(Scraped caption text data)
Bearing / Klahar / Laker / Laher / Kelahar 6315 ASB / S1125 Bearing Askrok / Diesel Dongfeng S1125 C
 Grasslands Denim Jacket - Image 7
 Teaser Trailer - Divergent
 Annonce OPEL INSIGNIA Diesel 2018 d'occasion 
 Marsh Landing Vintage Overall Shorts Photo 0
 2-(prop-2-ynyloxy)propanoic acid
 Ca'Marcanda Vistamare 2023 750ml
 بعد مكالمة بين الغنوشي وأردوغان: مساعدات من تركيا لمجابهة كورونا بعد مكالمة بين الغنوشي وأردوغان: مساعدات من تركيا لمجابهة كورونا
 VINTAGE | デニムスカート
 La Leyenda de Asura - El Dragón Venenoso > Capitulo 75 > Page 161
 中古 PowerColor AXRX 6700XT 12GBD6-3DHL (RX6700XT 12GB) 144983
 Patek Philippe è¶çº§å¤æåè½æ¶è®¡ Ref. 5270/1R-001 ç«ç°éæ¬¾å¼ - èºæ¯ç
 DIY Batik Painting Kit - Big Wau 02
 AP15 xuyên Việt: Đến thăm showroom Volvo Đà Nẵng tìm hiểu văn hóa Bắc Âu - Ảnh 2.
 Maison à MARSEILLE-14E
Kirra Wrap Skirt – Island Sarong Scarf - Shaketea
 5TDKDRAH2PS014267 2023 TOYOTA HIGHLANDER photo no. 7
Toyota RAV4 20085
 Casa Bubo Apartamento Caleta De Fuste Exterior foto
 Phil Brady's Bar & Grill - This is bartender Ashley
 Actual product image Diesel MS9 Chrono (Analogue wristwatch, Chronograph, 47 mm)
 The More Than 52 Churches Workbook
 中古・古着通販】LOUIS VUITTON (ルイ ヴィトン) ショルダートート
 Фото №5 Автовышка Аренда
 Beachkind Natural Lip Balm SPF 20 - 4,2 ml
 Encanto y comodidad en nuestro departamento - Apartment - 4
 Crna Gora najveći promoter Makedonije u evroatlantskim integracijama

Prompt: Your task is to transcribe the line containing "Toyota RAV4 20085" and every line after it, through the last line of the data, exactly as written and with nothing more.

Result:
Toyota RAV4 20085
 Casa Bubo Apartamento Caleta De Fuste Exterior foto
 Phil Brady's Bar & Grill - This is bartender Ashley
 Actual product image Diesel MS9 Chrono (Analogue wristwatch, Chronograph, 47 mm)
 The More Than 52 Churches Workbook
 中古・古着通販】LOUIS VUITTON (ルイ ヴィトン) ショルダートート
 Фото №5 Автовышка Аренда
 Beachkind Natural Lip Balm SPF 20 - 4,2 ml
 Encanto y comodidad en nuestro departamento - Apartment - 4
 Crna Gora najveći promoter Makedonije u evroatlantskim integracijama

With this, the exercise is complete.